This Sunday is Easter. So I was looking for Easter hats for Rose. [As an aside, don’t you wish hats would come back in vogue? All those frilly Easter hats, especially from the 40s, look like so much fun.]
But, back to the matter at hand… As I was saying, I was looking for Easter hats, perusing the Sears Catalog when a phrase I saw as I whizzed through pages stopped me in my tracks.
Tub what???? Who would name a dress that? And why?
And why are they so hideous looking?
Easter hats forgotten, I started trying to solve the mystery of the Terrible Tub Frock. It was no easy task. I had to call in the professionals (my friend Tara, Queen of the Search Engines). And just what did she help me learn?
Well, despite its very odd name, a tub frock is just a lightweight summer day dress that can be washed… i.e. thrown in the tub.
That’s it. Mystery solved.
They’ve been around since about 1909¹ (at least that’s the earliest reference found). And girls who are “thickly made” should avoid them: “It is a safe rule that all tub frocks should be short, a trying doctrine perhaps for those who are not blessed with slim ankles, but fashion is never kind to the thickly made girl²…” And finally, they’re perfect for “morning marketing, business, beach, or picnic wear” and even suitable for informal afternoons³.
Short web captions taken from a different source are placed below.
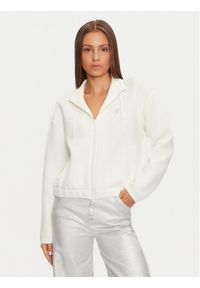 Guess Bluza V4BQ14 K7UW2 Biały Regular Fit. Kolor: biały. Materiał: wiskoza #1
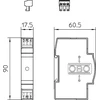 OBO Bettermann 5097858 Viršįtampių ribotuvas dviejų laidų sistemoms 255VAC 2,5kA 1,4kV VF230 AC-FS 5097858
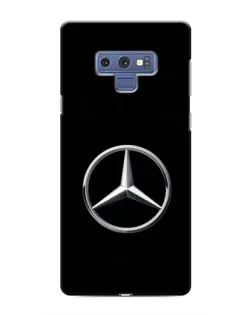 Чехол для Samsung Galaxy Note 9 с картинкой «Mercedes классический лого»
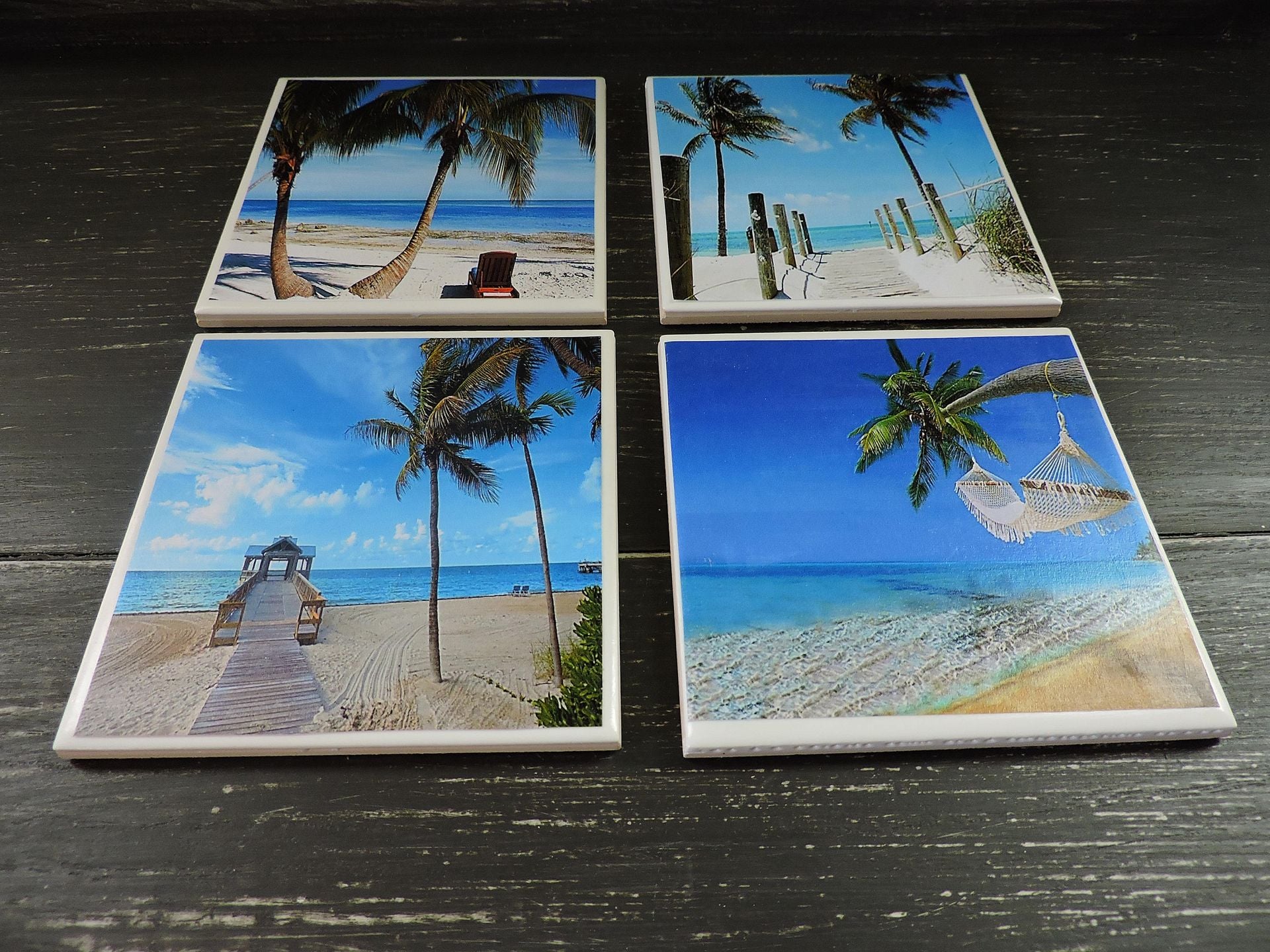Beach Theme Ceramic Coasters 5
I also determined that they aren’t all hideous. These tub frocks, shown in the May 1923 Pictorial Review, are pretty cute.
I wonder how the muumuu craze of the 1970s will affect unwary researchers eighty some-odd years in the future? I hope they have an easier time of it than I had with tub dresses!
And now, poor Rose will be wearing last year’s Easter hat, all because of those danged tub frocks!
(One tiny bit of trivia before I go: Easter headwear did not earn the moniker Easter Bonnet until after 1933 when Irving Berlin coined them as such in his song Easter Parade.)